PAL-AI reveals genetic determinants that control poly(A)-tail length during oocyte maturation, with relevance to human infertility

In oocytes of mammals and other animals, gene regulation is mediated primarily through changes in poly(A)-tail length. Here, we introduce PAL-AI, an integrated neural network machine-learning model that accurately predicts tail-length changes in maturing oocytes of frogs and mammals. We show that PAL-AI learned known and previously unknown sequence elements and their contextual features that control poly(A)-tail length, enabling it to predict tail-length changes resulting from 3'-UTR single-nucleotide substitutions. It also predicted tail-length-mediated translational changes, allowing us to nominate genes important for oocyte maturation.
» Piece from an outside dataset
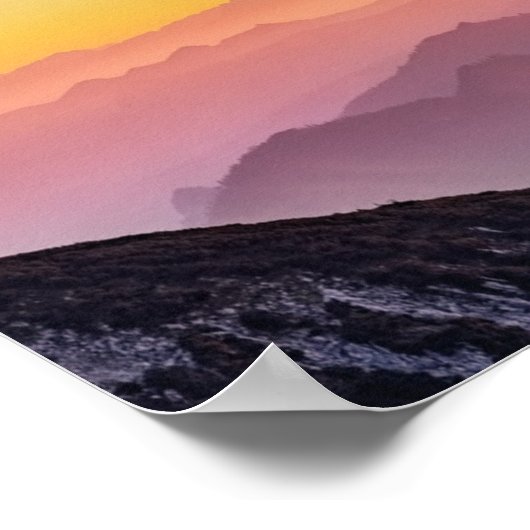 Gebirgssonnenaufgang Friedlich farbenfroh inspirie Poster (Ecke)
When comparing predicted tail-length changes in human oocytes with genomic datasets of the All of Us Research Program and gnomAD we found that genetic variants predicted to disrupt tail lengthening are under negative selection in the human population, thereby linking mRNA tail lengthening to human female fertility. Overall design: Sythetic mRNA reporter libraries with random and mutagenesis 3'-UTR sequences were injected into frog oocytes. Poly(A)-tail lengths were measured to at different developmental stages to examine the concordance between experimentally determined effects and PAL-AI predicted effects.